I see your point, but I have a couple of counter-arguments:

This will introduce 5x bigger payload to deliver the same information.
When you look at the chart, it's pretty convenient to see what states the pod has been in over time using just one time series. Some UIs can let you assign the states to the values on the chart, which is very convenient. Using several metrics for that is not that handy.

If a user wants this particular representation, I believe it can be translated with the metrics transform processor. Also, most backends likely have a query language capable of representing this metric as 5 "boolean" time series.

I wouldn't like to make this change until we have strict guidelines from the OTel Spec on how to represent this kind of data

povilasv · 2023-07-24T12:09:22Z

Thanks for reply. I agree with you, the k8s.pod.phase is way more compact and in theory transformProcessor should work. I will play with it to see if it does in practice.

sirianni · 2023-08-04T19:05:41Z

When you look at the chart, it's pretty convenient to see what states the pod has been in over time using just one time series. Some UIs can let you assign the states to the values on the chart, which is very convenient.

Can you provide a screenshot/example?

Also, most backends likely have a query language capable of representing this metric as 5 "boolean" time series.

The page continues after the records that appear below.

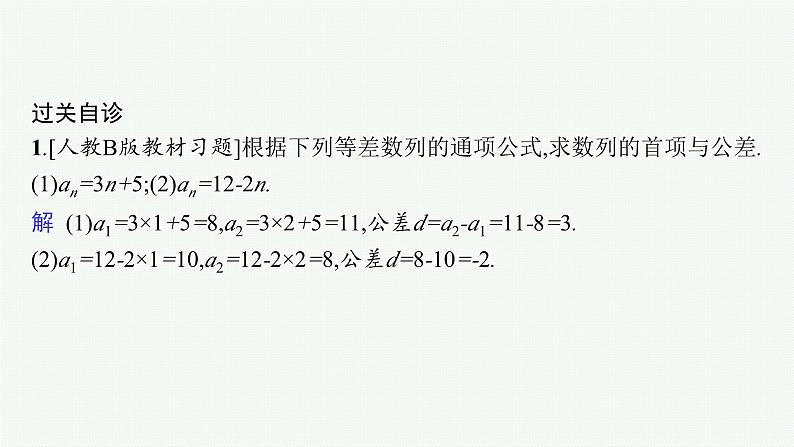 人教A版高中数学选择性必修第二册4-2-1第2课时等差数列的性质及应用课件第7页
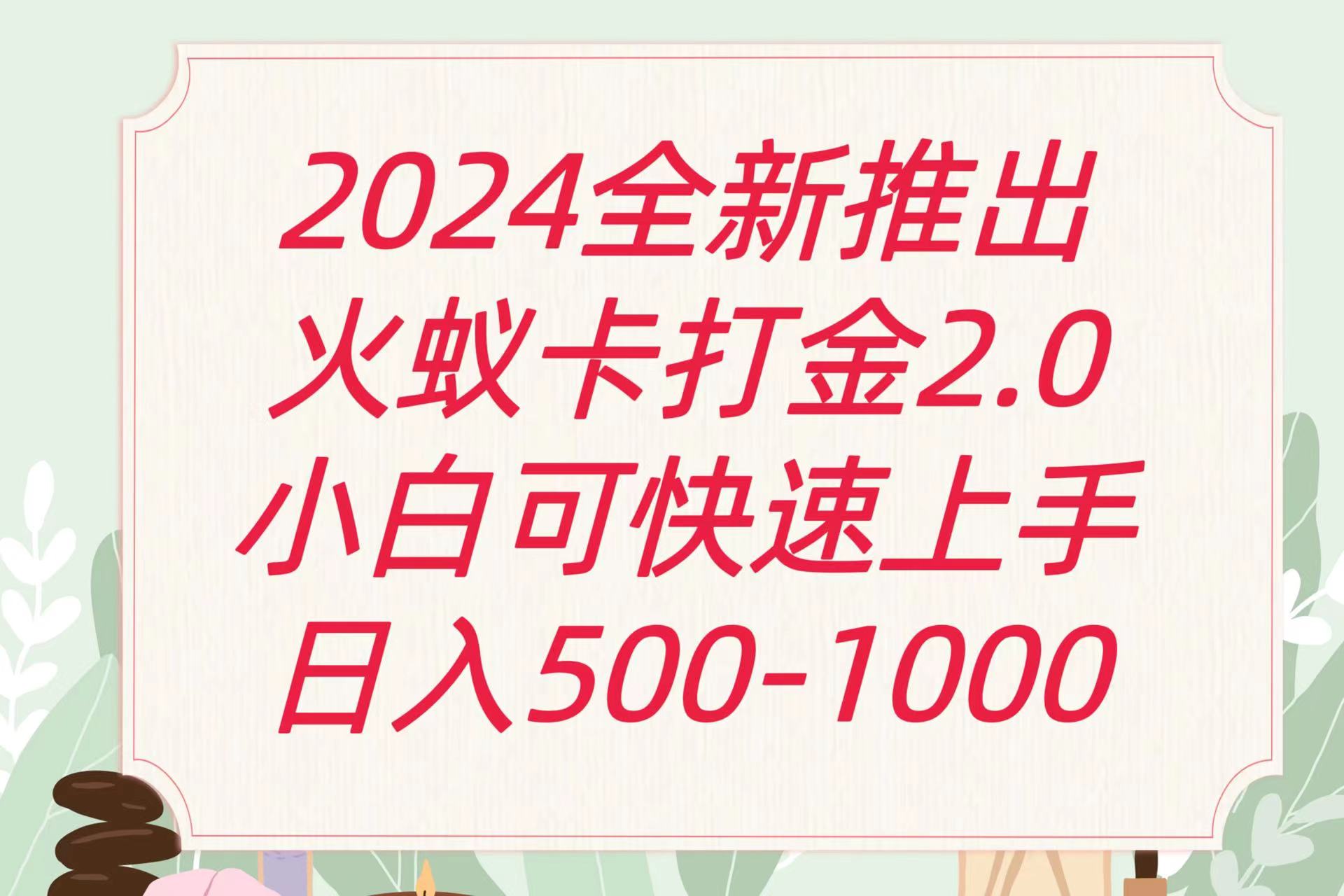 全新火蚁卡打金项火爆发车日收益一千+-启航188资源站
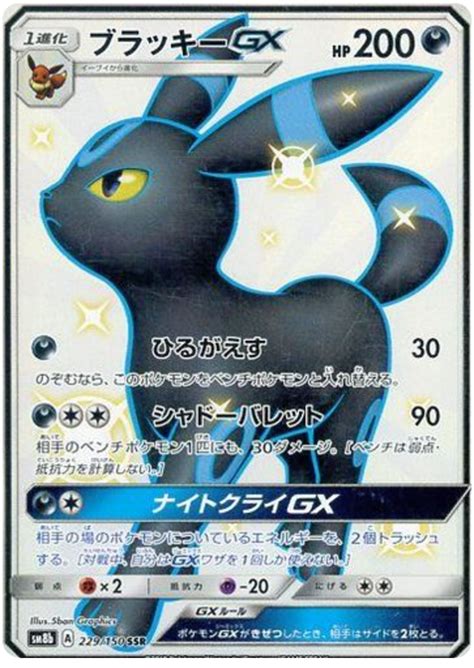 Umbreon Gx Ultra Shiny Gx Pokemon Card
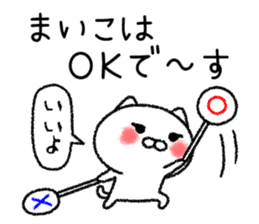 Maikochan neko sticker sticker #14787980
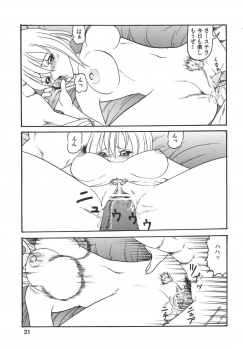 [Kyapa CITY (Torai Ryuu)] Yureru Omoi (Gundam SEED DESTINY) [Digital] - page 22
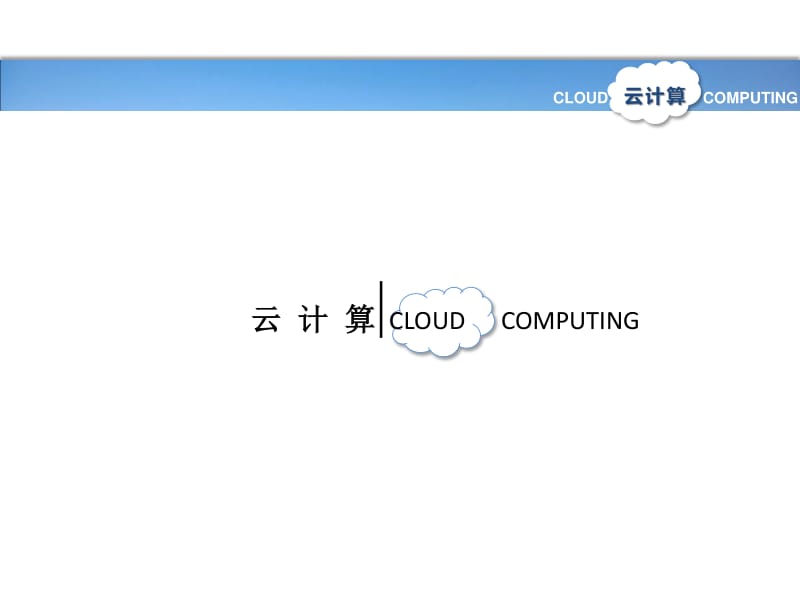 云计算时代的服务外包行业借鉴讲稿ppt正式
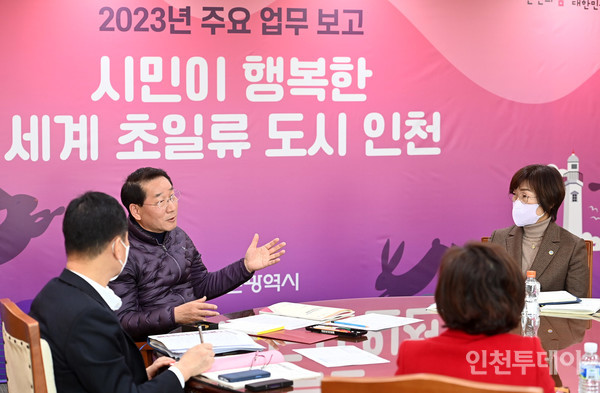 유정복 인천시장 주재로 2023년 문화체육관광국 주요업무계획 보고회가  열리고 있다.(사진제공 인천시)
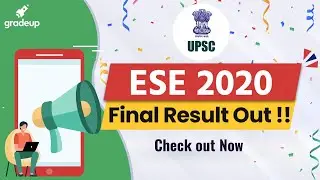 ESE 2020 Final Result Out !! Check out Now | Detailed Information By Abhinav Sir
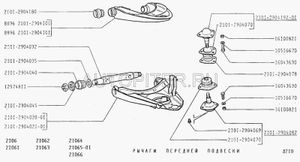 Палец шаровой передней подвески нижний ВАЗ 2101 с чехлом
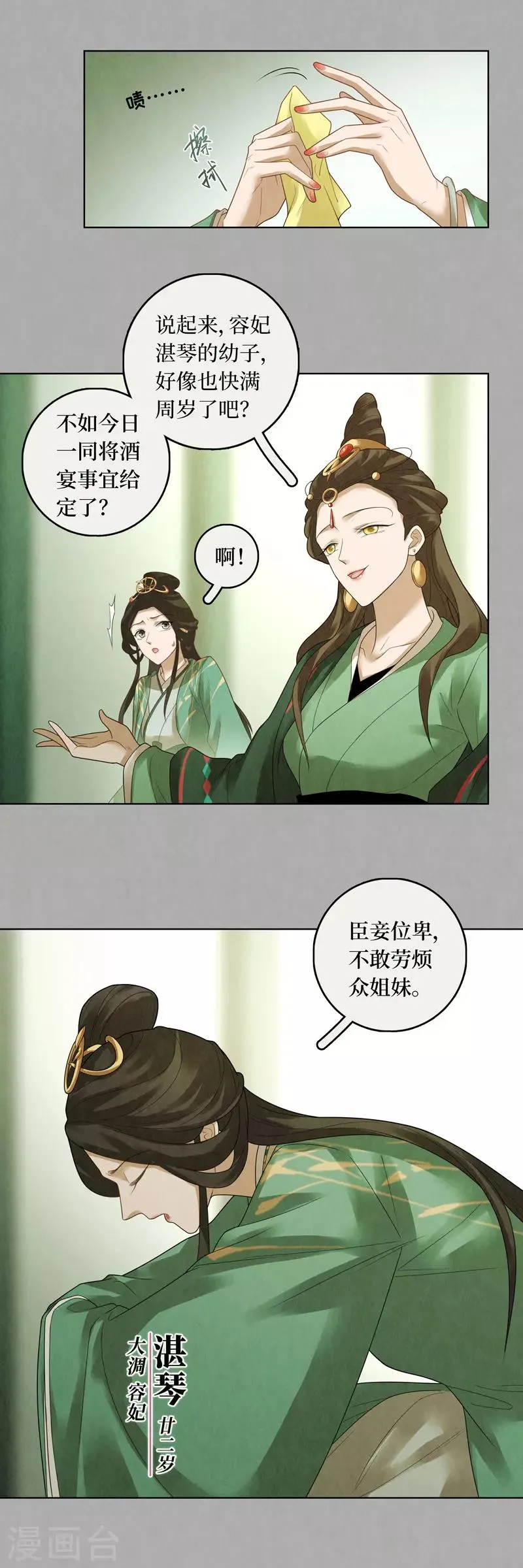 第78话 第7页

Example? I can't get this to work in either of the monitoring vendors my company uses.

Since the actual numeric values are meaningless, I can't see how to make this work in a when aggregating across dimensions. Many monitoring tools also don't let you filter on metric values, just tags (i.e. you can't say WHERE value = 2). For example, if I'd like to see the number of pods that are in Running phase in a DaemonSet, how do I do that?

I think an OpenMetrics StateSet would be the more idiomatic way to model this information (and is also supported by OTel).

This is also how kube-state-metrics does it with kube_pod_status_phase. Seems to work quite well in PromQLcount(kube_pod_status_phase{phase="Running"})

sirianni · 2023-08-07T19:19:34Z

I believe it can be translated with the metrics transform processor

@dmitryax can you give a rough example of how you would use metricstransform processor to do this transformation? From what I see there's no way to "match" based on values and aggregating the "numeric enums" don't make sense either.

bertysentry · 2023-09-22T08:54:29Z

I agree with @sirianni.

OOT, k8s.pod.phase metric should keep the same name (don't split it in k8s.pod.phase_pending, k8s.pod.phase_running, etc.), but it should have a state attribute, to be consistent with other similar enumerations in other metrics (although I don't think state is specified anywhere in Otel's semantic conventions).

So you'll push several datapoints to represent the current "running" state of the pod:

k8s.pod.phase{state="running"} 1
k8s.pod.phase{state="pending"} 0
k8s.pod.phase{state="succeeded"} 0
k8s.pod.phase{state="failed"} 0
k8s.pod.phase{state="unknown"} 0

Not ultra optimal (cardinality), but it does the job, and it's easily query-able.

Also, it's a good incentive for OpenTelemetry to specify the StateSet metric type! 😉

sirianni · 2023-11-06T14:36:44Z

Take a look at the hw.status metric in OTel Semantic Conventions which uses the value-as-attribute approach I'm suggesting. In particular, see this note

hw.status is currently specified as an UpDownCounter but would ideally be represented using a StateSet as defined in OpenMetrics. This semantic convention will be updated once StateSet is specified in OpenTelemetry. This planned change is not expected to have any consequence on the way users query their timeseries backend to retrieve the values of hw.status over time.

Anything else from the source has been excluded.